## Assignment
Output the lines of the records exactly, from the first through the one containing "thumbnail image 1". Omit all pictures.

## Exercise inputs
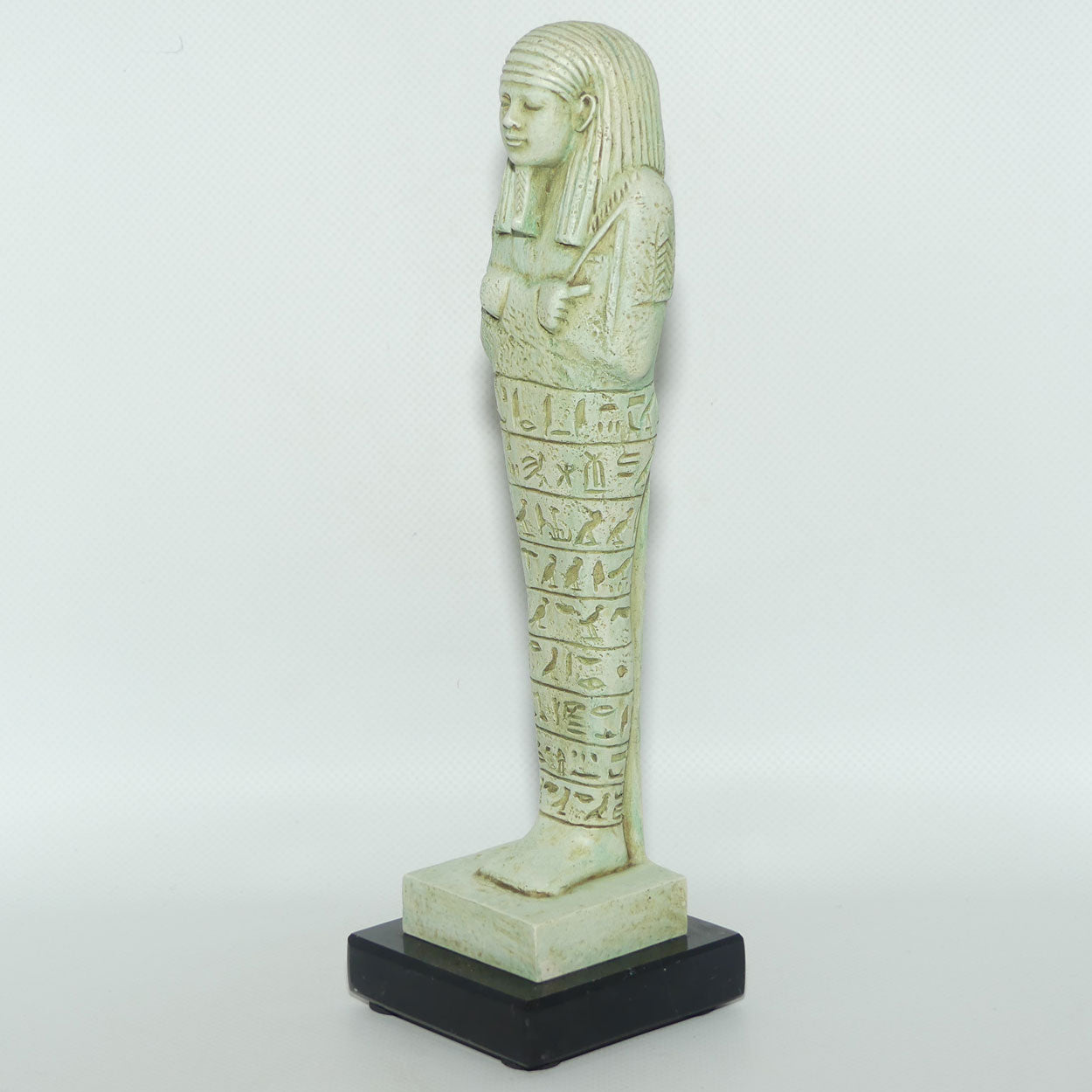 Decorator Egyptian Ushabti on Granite base | c.1994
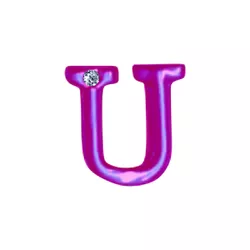 Letras Para Personalização Rosa (HA180R) - U - 35... - Sexy Shop BH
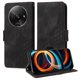 thumbnail image 1 of Embossed Rhombus Leather Case For Xiaomi Poco C61, 1 of 5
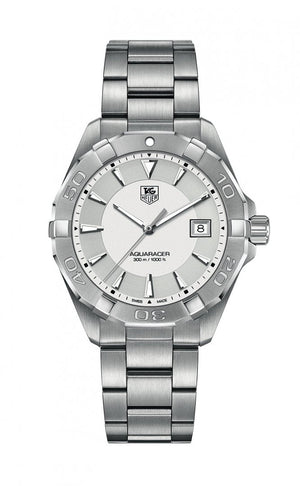 Tag Heuer Aquaracer White Dial Watch for Men - WAY1111.BA0928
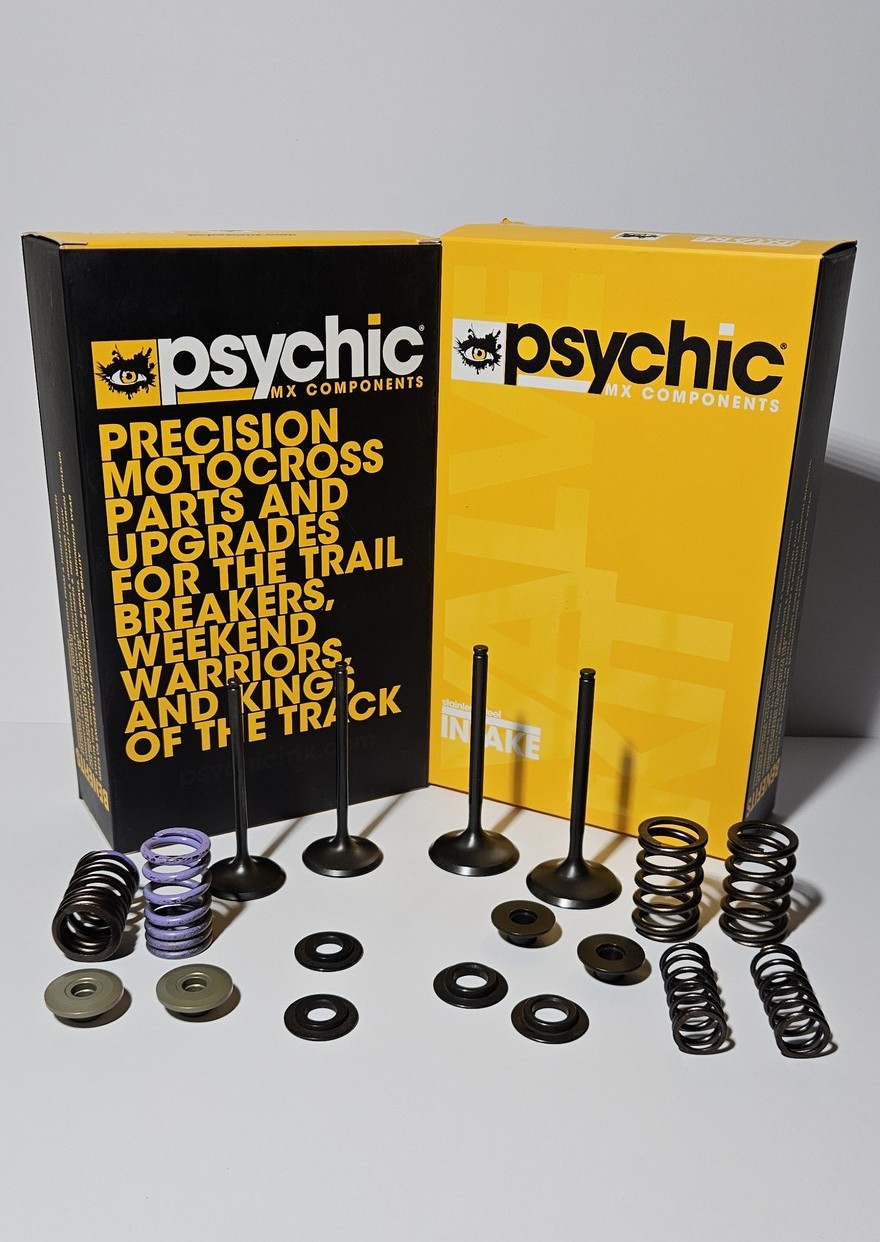 Acélszelep Kit Yamaha WR250/YZ250F 2001-2009 XU-09522EK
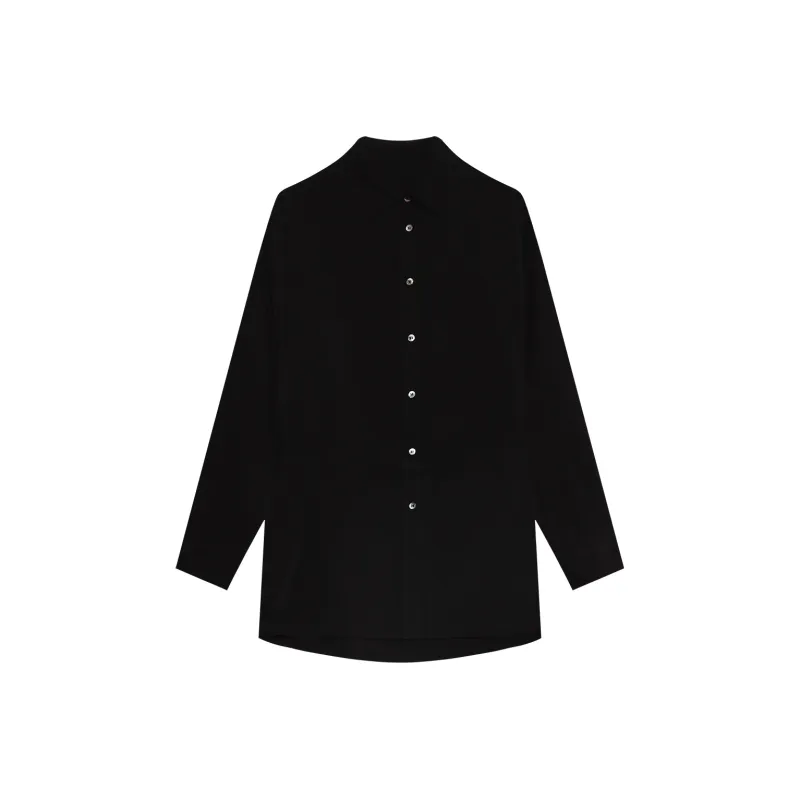 THE SEA LIFE Shirt Women's Black Mage-0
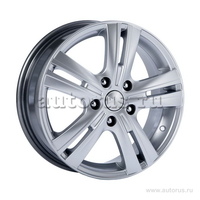 Диск литой R16 6J 4x100/54.1 ET52 СКАД Багира S 166 04 08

## Task result
 Decorator Egyptian Ushabti on Granite base | c.1994
 Letras Para Personalização Rosa (HA180R) - U - 35... - Sexy Shop BH
 thumbnail image 1 of Embossed Rhombus Leather Case For Xiaomi Poco C61, 1 of 5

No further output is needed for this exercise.